It’s 2050 and there are no cars on the road as everyone travels via drone. Robots are doing the chores around the house as well as serving and cleaning in the remainder of the high street shops. Seems like a script from a sci-fi film and completely unrealistic, right? Well, the same could have been said if you told people thirty years ago that the internet would rewrite retail and pretty much every other aspect of day to day life.
Technology is continually evolving and it seems to change faster than most of us can keep pace with. Long gone are the days of having to physically walk to the shop for groceries or to a football stadium for tickets; instead, you can now queue online and the internet has meant businesses have needed to adapt to fit the evolving world.
It’s estimated that 80% of bets are now placed online, with that amount set to eclipse the 90% mark in the next five to ten years, and it’s easy to see why as online sites can provide generous welcome offers that physical shops can’t afford to do.
Bookies have moved with the times well and that’s been of real benefit for punters. Whether you’re after the thrill of the bet or you want to spin the wheel at the casino, all of these functions are now freely available online and on mobile devices. This means that it is no longer any requirement to visit a location in order to get the same rush you can do literally anywhere with an internet signal.
You won’t need to delve deep into your pockets to pull out some loose coins or a fiver either as bookmakers take payments online, so you’ll never actually have to hand over stakes to the staff and any profits you do make can be quickly and safely transferred directly into your bank of choice.

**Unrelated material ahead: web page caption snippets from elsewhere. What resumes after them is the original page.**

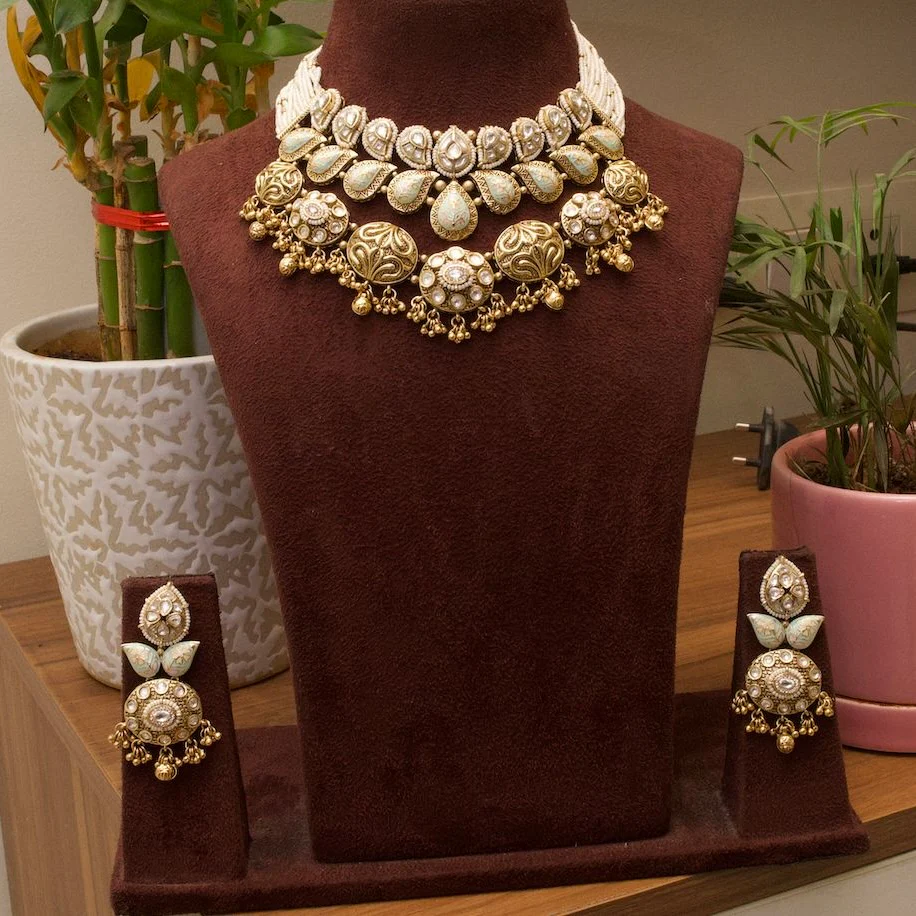 Noor Vilasa - Antique Heritage Kundan Necklace - Image 3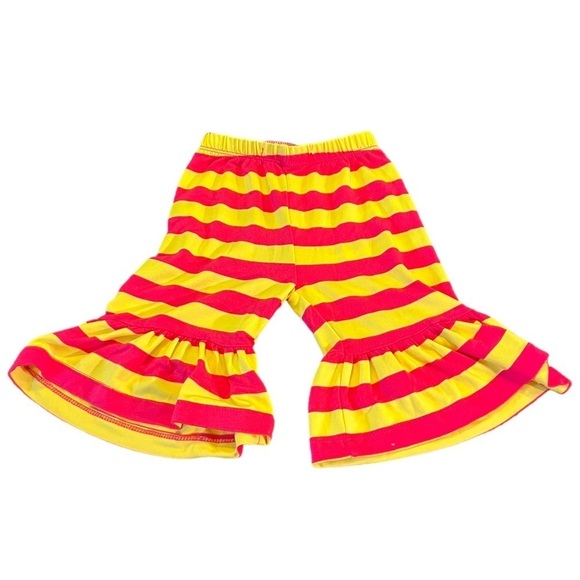 Ruffle Girl Pink and Yellow Flare Pants | 18M - Picture 5 of 5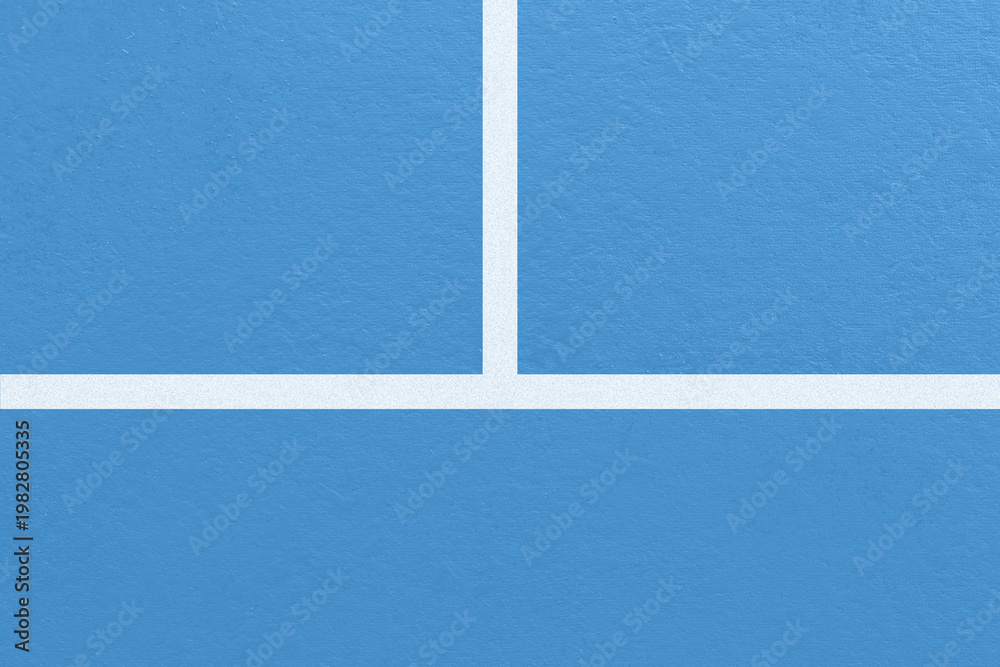 Fototapeta premium Blue Tennis Court Surface with White Lines Minimal Sport Background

Banking has been completely revolutionised over the past 15 years. Previously, you’d have to wait in line at the bank in order to get money out or transfer to different accounts, but now it’s a few taps on an app away from completion. The digital revolution has meant trips to physical outlets, especially banks, have dramatically reduced. It’s impressive to see how quickly internet-based start-up companies have challenged traditional banks, and it’s recently been revealed that the top two banks in the UK for customer score are both digital start-ups who only opened for business in the last six years.
It’s not only developments in transfers through – payments have also progressed rapidly. If you still think chip and pin is new, then you should see the art of the possible. Contactless payments have boomed over the past three years with a quarter of all payments now using the method. Contactless payments via physical cards are one thing, but there is also an increasing trend in using contactless via eWallet payments (such as Apple Pay/Google Pay/Samsung Pay). Favoured by the younger generations, paying for your coffee or lunch with your smartwatch or phone is becoming increasingly prevalent.
Fast food has also converted with technology. Stopping by McDonald’s or your local Chinese takeaway for your dinner used to involve ordering and then waiting whilst your cuisine was readied, but even this formerly fast food has adapted to be quicker and easier for the consumer. McDonald’s now have an app to order and pay for your food, which means no cash transactions and you just pick your food upon arrival.
Local takeaways have also benefited from the recent surge in popularity of online ordering apps such as Just Eat, meaning that the small businesses which used to solely rely on the immediate community to survive now have a much wider netcast and receive orders from further afield. The technology also means that their visibility and marketing is effectively done for them as the apps will advertise and promote their business.